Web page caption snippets
··········

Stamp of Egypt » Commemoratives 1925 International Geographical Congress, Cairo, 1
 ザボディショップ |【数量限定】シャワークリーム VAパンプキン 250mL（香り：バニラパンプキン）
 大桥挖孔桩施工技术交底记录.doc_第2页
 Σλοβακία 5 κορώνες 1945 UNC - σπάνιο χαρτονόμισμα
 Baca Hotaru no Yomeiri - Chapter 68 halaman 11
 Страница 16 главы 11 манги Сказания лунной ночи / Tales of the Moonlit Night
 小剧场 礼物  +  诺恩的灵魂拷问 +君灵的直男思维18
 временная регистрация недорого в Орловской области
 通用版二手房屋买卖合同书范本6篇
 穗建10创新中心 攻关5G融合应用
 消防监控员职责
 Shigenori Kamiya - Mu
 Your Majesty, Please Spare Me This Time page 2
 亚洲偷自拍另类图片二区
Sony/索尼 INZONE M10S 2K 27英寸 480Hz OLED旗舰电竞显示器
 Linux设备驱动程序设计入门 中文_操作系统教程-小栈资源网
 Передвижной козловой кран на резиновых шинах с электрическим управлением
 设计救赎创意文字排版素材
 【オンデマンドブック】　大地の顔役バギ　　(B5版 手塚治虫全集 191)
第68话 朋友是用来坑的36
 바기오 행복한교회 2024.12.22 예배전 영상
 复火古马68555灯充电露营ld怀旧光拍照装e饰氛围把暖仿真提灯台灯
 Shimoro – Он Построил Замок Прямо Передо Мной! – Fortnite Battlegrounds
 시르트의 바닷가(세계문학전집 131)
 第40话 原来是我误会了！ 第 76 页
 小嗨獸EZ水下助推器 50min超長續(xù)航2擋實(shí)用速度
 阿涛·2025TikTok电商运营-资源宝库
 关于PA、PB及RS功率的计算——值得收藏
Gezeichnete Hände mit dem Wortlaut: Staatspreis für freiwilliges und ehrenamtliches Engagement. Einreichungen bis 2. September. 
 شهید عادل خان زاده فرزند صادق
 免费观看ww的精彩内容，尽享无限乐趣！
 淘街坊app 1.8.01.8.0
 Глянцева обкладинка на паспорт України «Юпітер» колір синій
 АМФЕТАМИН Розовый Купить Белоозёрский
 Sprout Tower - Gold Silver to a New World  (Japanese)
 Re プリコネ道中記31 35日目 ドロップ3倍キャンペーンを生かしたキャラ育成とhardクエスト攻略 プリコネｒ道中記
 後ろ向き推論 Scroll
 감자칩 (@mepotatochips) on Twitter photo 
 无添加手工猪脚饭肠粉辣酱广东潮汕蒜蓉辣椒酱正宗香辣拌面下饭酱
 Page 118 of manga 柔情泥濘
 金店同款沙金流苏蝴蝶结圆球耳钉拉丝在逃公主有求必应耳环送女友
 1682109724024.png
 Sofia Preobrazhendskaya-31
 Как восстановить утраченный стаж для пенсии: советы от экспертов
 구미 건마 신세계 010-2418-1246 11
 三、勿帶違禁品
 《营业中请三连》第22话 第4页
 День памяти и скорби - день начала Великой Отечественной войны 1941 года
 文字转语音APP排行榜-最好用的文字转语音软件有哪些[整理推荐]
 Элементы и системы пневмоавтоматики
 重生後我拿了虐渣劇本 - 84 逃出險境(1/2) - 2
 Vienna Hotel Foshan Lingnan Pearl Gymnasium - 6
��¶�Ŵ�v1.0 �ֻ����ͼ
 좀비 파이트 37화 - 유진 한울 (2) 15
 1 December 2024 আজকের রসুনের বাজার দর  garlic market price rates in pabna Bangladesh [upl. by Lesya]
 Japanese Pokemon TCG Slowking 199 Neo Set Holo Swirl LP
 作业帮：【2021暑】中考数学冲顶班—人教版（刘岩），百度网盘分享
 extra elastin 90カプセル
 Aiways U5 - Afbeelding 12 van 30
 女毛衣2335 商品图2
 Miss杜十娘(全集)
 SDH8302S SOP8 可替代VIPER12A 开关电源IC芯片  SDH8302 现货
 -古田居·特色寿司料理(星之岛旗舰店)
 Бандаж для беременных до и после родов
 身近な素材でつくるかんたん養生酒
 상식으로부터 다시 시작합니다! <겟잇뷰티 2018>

··········

[Requirement] In the data above, start at the line that has "无添加手工猪脚饭肠粉辣酱广东潮汕蒜蓉辣椒酱正宗香辣拌面下饭酱", stop after the line that has "文字转语音APP排行榜-最好用的文字转语音软件有哪些[整理推荐]", and print every line in between exactly as it stands.

[Result below]
 无添加手工猪脚饭肠粉辣酱广东潮汕蒜蓉辣椒酱正宗香辣拌面下饭酱
 Page 118 of manga 柔情泥濘
 金店同款沙金流苏蝴蝶结圆球耳钉拉丝在逃公主有求必应耳环送女友
 1682109724024.png
 Sofia Preobrazhendskaya-31
 Как восстановить утраченный стаж для пенсии: советы от экспертов
 구미 건마 신세계 010-2418-1246 11
 三、勿帶違禁品
 《营业中请三连》第22话 第4页
 День памяти и скорби - день начала Великой Отечественной войны 1941 года
 文字转语音APP排行榜-最好用的文字转语音软件有哪些[整理推荐]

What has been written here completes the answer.